Notre auteur signa en 2004 un
chef-d’œuvre, Tokyo, mémorable portrait (autobiographique ?) d’une jeune
femme borderline tressé à une
évocation mémorielle et visuelle (l’auteur possède un diplôme de cinéma, cela
n’étonne pas) des atrocités de Nankin. Pig Island, bien moins réussi,
brodait sur la monstruosité, au propre et au figuré (adolescente à la
difformité insoupçonnable, secte insulaire), tandis que Les Lames, plus
convaincant, narrait une disparition de progéniture sur fond de rivalité entre
sœurs ; Viscères, quant à lui, vient boucler la série (on recommande
l’éprouvant L’Homme du soir et le schizophrénique Les Proies) dédiée au duo
« Flea » Marley/Jack Caffery, la plongeuse et l’inspecteur du Somerset,
comté antinomique (et lieu de résidence de l’écrivain, elle-même en couple avec
un ancien plongeur de la police) peuplé d’hivers, de pluie, de folie,
d’assassins, de pédophiles, de spectres du passé. Pour cet opus, que l’on devine ultime, Caffery affronte seul deux ravisseurs
qui entreprennent de torturer/terrifier une famille bourgeoise et bien
installée dans sa demeure aux tourelles surplombant la plaine (oui, le début
rappelle Funny Games du plaisantin Haneke). Grave erreur et page-turner avéré, pour cette septième
intrigue en fable presque mythique (Antigone se réincarne en Lucia, trentenaire « gothique » et diabolique, aussi impitoyable que la gamine cannibale mangeant sa
maman dans La Nuit des morts-vivants de Romero) sur l’enfer du foyer (en
circuit fermé de vidéo-surveillance), sur l’obscurité des proches, sur la
maltraitance généralisée (ne pas déclarer son amour revient pour Jack à
s’enfouir dans sa douleur, à peine ragaillardi par le marché du Marcheur et les
bras de la belle Breanne, barmaid à demi défigurée).

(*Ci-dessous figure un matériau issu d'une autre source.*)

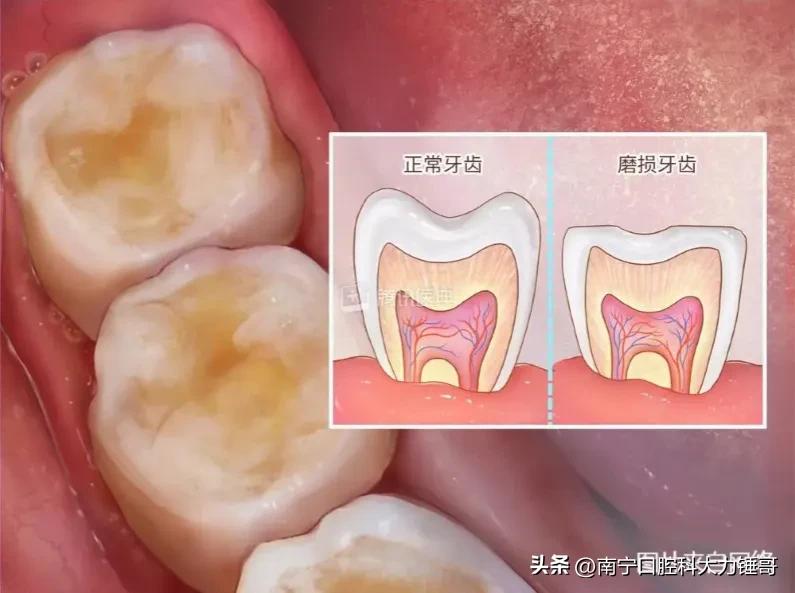 做好这5点远离胃病,做好这五件事避免口腔癌找上门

Mademoiselle Hayder, dotée d’une
écriture précise, élégante, manie le laser
encore mieux qu’Oliver, et achève son conte de fées pour adultes par une boucle
bouclée enfantine (la petite Amy se rêve en uniforme), une révélation à l’insupportable
ironie : Caffery s’avère responsable, par ricochet vengeur (la complice se
nomme contradictoirement Tracey Lamb), de la mort de son frère adulte, qu’il
croyait enterré quelque part, après sa profanation, enfant, par un réseau
pédophile (l’ogre sinistre se nomme Penderecki, comme le compositeur élu par
Kubrick dans l’espace !). « Vive le sadisme ! » s’écrie, en
français dans le texte, le trop tendre Honey/Honig, criminel imposteur qui
périra pour une bonne action, mais le sentiment dominant, au sortir de ce
roman-requiem, demeure une grande
tristesse et la preuve brillamment nocturne que l’axiome nietzschéen sur le
regard reflété de l’abîme vaut également pour les hommes au service de la loi, tel
celui-ci, superbement capable, parmi cet océan de noirceurs, de duplicité, de
manipulations (Molina, amoureux servile et violent, esquisse une larme avant
d’entailler le bras de Matilda), de coups du sort (ou de pic à glace bucolique
et orgasmique), de déposer, « sans savoir pourquoi », un pudique et
filial baiser sur la tête d’une vieille femme (Madame Frink) cocufiée par son
colonel de mari, émouvant relais solitaire et transi d’un fait divers rejoué
aujourd’hui, à l’heure du loup (Wolf, titre original préférable à
l’organique « traduction » nationale) bergmanienne (ou de Bath). Les
mères peuvent enfanter des vipères, certes, mais qui dira jamais, au côté de la
talentueuse et maternelle Mo Hayder, leur courage inutile, ainsi que la
détresse inguérissable de leurs fils orphelins ?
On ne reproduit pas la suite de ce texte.